83. Human Rights and Fundamental Freedom have been reiterated in the Universal Declaration of Human Rights. The human rights for woman is inalienable and it is an integral and an indivisible part of human rights. The full development of personality and fundamental freedoms and equal participation by women in political, social, economic and cultural life ar concomitants for national development and growth. All forms or dimensions of discrimination on ground of gender is violative of fundamental freedom and human rights. The Convention for elimination of all forms of discrimination against women was ratified by the United Nations Organisation on December 18, 1979 and the Government of India had ratified as an active participant on June 19, 1993. It has been reiterated that the discrimination against women violates the principle of equality, of rights as well as respect for human dignity. Article 1 of the Convention for Elimination of all forms of Discrimination Against Women (CEDAW) defines the expression "Discrimination Against Women" to mean "any distinction, exclusion or restriction made on the basis of sex which has the effect or purpose of impairing or nullifying the recognised enjoyment or exercise by women, irrespective of their marital status, on the basis of equality of men and women, all human rights and fundamental freedoms in the political, economic, social, cultural, civil or any other field."
84. In Mariamma v. Hindustan Latex Ltd., reported in 1994-I-LLJ-488 (Ker) BALAKRISHNAN, J., as he then was, had occasion to consider the denial of promotion to a lady security guard on ground of sex by the employer namely Hindustan Latex Ltd., a Government of India undertaking and the petitioner therein contended that such denial is a discrimination and is violative of Articles 16(1) and 16(2) of the Constitution. The challenge had been upheld by the learned Judge as the denial of promotion is purely on the ground that the petitioner is a female employee and such a denial is a clear violation of Article 16(2) of the Constitution- The same principle could be applied equally in the present case and the only difference being the employer in the said case is a Government of India undertaking which is amenable to writ-jurisdiction and Articles 14, 16 and 19 could directly be invoked in respect of such employment as it is a public employment. The said decision had been confirmed by a Division Bench of the Kerala High Court in Hindustan Latex Ltd. v. Mariamma (supra).

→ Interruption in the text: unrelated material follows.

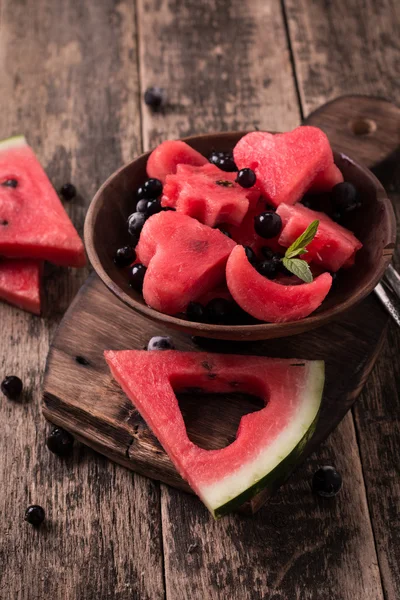Sommerlicher Obstsalat mit Wassermelone und Beeren. Scheiben von Wassermelone in Form eines Sterns, eines Herzens, eines Mondes. Holzhintergrund — Stockfoto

85. In A.N. Rajamma v. State of Kerala reported in 1983 L & I.C. 1388, a Division Bench of the Kerala High Court struck down the special rules as violative of Articles 14 and 15 of the Constitution as the said rules deny appointment to women on the sole ground that they are women and such a rule is opposed to Articles 14 and 15(1) of the Constitution POTI J., speaking for the Bench held thus:
"Remembering what the practical consequence of the attitude of the Government has been namely that for one reason or other not a single woman has been advised to any one of the 260 posts we find that this is a clear case of discrimination, a discrimination which falls not within Article 14 of the Constitution but also within the specific prohibition in Article 15(1) of the Constitution. The mandate to the State that it shall not discriminate against any citizen on grounds only of sex is one of the most important fundamental rules that calls for strict observance. In the framing of any statute or law or the making of subordinate legislation by a delegated legislative authority this is a fundamental rule which, under no circumstances, would bear violation. Unlike the freedoms in Article 19 of the Constitution there is no scope for restricting the absolute scope of the rights under Article 15(1) of the Constitution. There would be no scope whatever to justify differentiating between the male and female sexes in the matter of appointment. The right of women should not be denied on fanciful assumptions of what work the woman could do and could not do."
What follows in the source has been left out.